By now, I’ve written over 100 anti-Scamdemic posts. I’ve often thought that a given post might be my last. Yet somehow, each week, I’ve experienced, seen or heard something, and a new theme has struck me. So maybe it’s as likely to think this process/muse will continue as it is to think it will soon disappear. Hard to say. Though I promise never to test your memory by posting re-runs, as on TV.
Regardless, readers’ Comments have convinced me that the time I spent writing has been worth it. Above all, I wanted to let sane people know that someone besides them saw that this was a Scamdemic. Many readers have said that I had written what they were thinking. That was my goal. Letting me know that you also saw the Scam reciprocally lifted my mood. Thank you!
Recently, a group of readers have pledged dollar support. None was deterred by the prospect that I might run out of ideas. Each told me that they wanted to support me because my messages had boosted their spirits. One pledger made me LOL when she wrote, “I understand that past performance does not guarantee future results.”
Given their expression of this sentiment, I'm willing to accept pledges as long as I can keep coming up with new perspectives.
I lead a simple life, in a small house, with a budget car and a low-paying day job. I have a basketball, a football, sneakers, hockey skates, a guitar, a piano, an old laptop, and some good books. These keep me busy. Other than food, I don’t have anything that I’m itching to buy. But my message is much truer and more thoughtful than the content published by the mainstream outlets. And if propaganda purveyors are paid handsomely to mislead the public, I shouldn’t feel bad about being paid modestly to write the truth.
Importantly, Substack gets a percentage of reader pledges. In a nation where the media is badly biased, Substack deserves support for its willingness to publish without censorship. My message only reached people because Substack (and ZeroHedge, Citizen Free Press and The Brownstone Institute) provided platforms to me and other Coronamania dissenters. I began posting anti-Coronamania messages on Medium.com in March, 2020. When Medium deleted my account for telling the truth, I shifted to Substack. As Brownstone, Zero Hedge and CFP derive content from Substack, I would have reached almost no one without Substack.

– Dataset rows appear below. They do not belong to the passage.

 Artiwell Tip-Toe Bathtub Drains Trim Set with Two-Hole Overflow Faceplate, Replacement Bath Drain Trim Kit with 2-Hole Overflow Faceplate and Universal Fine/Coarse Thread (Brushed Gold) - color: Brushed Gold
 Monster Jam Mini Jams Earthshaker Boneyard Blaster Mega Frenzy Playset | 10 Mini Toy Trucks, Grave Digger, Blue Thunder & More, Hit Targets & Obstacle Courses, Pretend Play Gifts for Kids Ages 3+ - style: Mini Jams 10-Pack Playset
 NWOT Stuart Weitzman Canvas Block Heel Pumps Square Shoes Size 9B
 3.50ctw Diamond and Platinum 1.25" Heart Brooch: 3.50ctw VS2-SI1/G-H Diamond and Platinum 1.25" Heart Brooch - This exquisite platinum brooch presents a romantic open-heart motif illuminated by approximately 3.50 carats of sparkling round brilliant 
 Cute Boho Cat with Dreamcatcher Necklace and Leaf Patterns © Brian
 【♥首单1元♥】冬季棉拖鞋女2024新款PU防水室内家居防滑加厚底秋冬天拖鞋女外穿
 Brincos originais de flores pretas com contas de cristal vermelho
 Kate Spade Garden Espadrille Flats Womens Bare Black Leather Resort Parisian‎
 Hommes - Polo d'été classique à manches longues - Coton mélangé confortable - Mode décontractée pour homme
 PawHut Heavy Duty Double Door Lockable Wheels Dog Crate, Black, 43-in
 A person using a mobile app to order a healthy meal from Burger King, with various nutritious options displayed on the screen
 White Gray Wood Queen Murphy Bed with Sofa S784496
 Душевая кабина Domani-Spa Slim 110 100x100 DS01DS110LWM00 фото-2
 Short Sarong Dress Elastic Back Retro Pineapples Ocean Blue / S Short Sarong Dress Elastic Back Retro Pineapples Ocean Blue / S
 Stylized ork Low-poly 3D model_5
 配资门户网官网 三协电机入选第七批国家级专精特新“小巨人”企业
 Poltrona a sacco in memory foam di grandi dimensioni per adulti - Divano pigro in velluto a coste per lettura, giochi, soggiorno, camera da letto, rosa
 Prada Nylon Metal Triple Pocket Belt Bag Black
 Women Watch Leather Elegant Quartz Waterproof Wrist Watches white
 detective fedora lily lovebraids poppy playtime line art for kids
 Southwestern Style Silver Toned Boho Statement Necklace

No matter what happens, I’ll write what I think is true and worth saying, hopefully in a clear, interesting way. And I won’t hold back in order to avoid alienating anyone. I’ll know if I’ve run out of ideas. And readers will let me know by ceasing to support me.
I won’t put up a paywall. Above all, I think of all of you as friends of inestimable value during a dark time. I’ve very much enjoyed meeting some of you in-person or speaking on the phone. If the world still feels crazier than usual to you and you want to discuss it, we can set up a time to talk via forecheck32 at g mail. If you’re passing through Central NJ, I would very much like to share some time with you; please stop by. I’m always down to share a meal or throw some ball or other or pull down my guitar and sing some songs together. Or just sit on my front porch, drink cool beverages, lament and laugh.
We’re all in this together. Except that when I say “all,” I mean only those of us who have seen the Scam, will never forget it and will never let others forget it. We are tribesmen, kindred spirits and unvaxxed-blood brothers and sisters.
Thanks for your writing, it has been one of a few beacons in the fog of the last few years. Like you, I have found great comfort in knowing there are others who saw this for what it was: a collective madness and one of the greatest scandals in history. You write with great clarity and humour. Thank God for Substack, Brownstone and others, for they have allowed those of us around the world (I’m Australian) who didn’t succumb, to find sanctuary in the sanity of others.
Mark, I love your articles, they are smart, intuitive and everything you say hits home, even your simple lifestyle resonates with mine. Just thought I’d let you know. You are a man of integrity and my dad loved Green Acres so your good in my books (oh and Hee-Haw too! It used to crack me up watching my Asian dad laugh his butt off over Hee-Haw, Green Acres, All in the Family and Sanford & Son!